But it’s also a function of politics. Palestinian President Mahmoud Abbas just entered
the 13th year of his four-year term. Fatah rules the West Bank through corruption; Hamas
rules Gaza through fear. Humanitarian aid is routinely diverted for terrorist purposes:
One terror tunnel stretching from Gaza to Israel consumed an estimated 800 tons of
concrete and cost $10 million to build. Every three years or so, Hamas starts firing
missiles at Israel, and hundreds of Palestinian civilians get killed in the crossfire. How
does any of this augur well for what a future Palestinian state might bring?
But isn’t a Palestinian state a necessity for Israel? Can it maintain its Jewish and
democratic character without separating itself from the millions of Palestinians living
west of the Jordan River?
In theory, Israel would be well-served living alongside a sovereign Palestinian state that
lived in peace with its neighbors, improved the welfare and respected the rights of its
people, rejected extremism and maintained a monopoly on the use of force. In theory,
Palestine could be the next Costa Rica: small but beautiful.

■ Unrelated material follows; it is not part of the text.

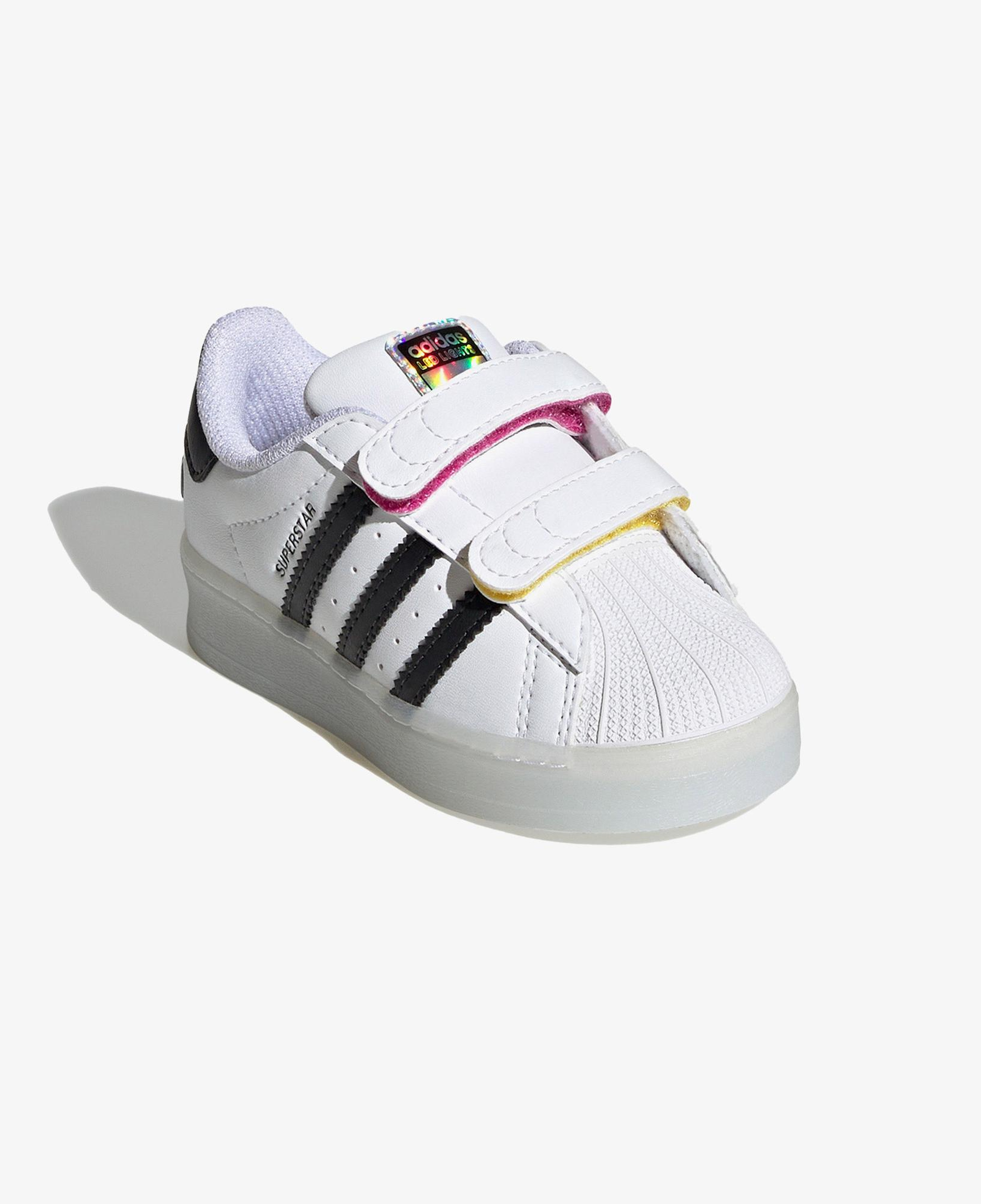 adidas Superstar Led Lights Cf Bebek Beyaz Spor Ayakkabı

But Israelis don’t live in theory. They live in a world where mistakes are mortal. In 2000
and 2007 Israeli prime ministers made good-faith offers of Palestinian statehood. They
were met on both occasions with rejection, then violence. In 2005 Israel vacated the
Gaza Strip. It became an enclave of terror. On Sunday, four young Israelis were run over
in yet another terror attack. The ideal of a Jewish and faultlessly democratic state is a
noble one. Not at the risk of the existence of the state itself.
The Paris conference takes place on the eve of a new administration that’s indifferent to
prevailing orthodoxies regarding the Palestinians. David Friedman,Donald Trump’s
nominee to be ambassador to Israel, is unequivocal in his support for the Jewish state,
determined to move the U.S. Embassy to Jerusalem, unscandalized by settlements and
unmoved by suggestions that Israel’s safety requires the empowerment of her enemies.
These heresies alone recommend him for the job.
Meanwhile, anyone genuinely concerned with the future of the Palestinians might urge
them to elect better leaders, improve their institutions, and stop giving out sweets to
celebrate the murder of their neighbors.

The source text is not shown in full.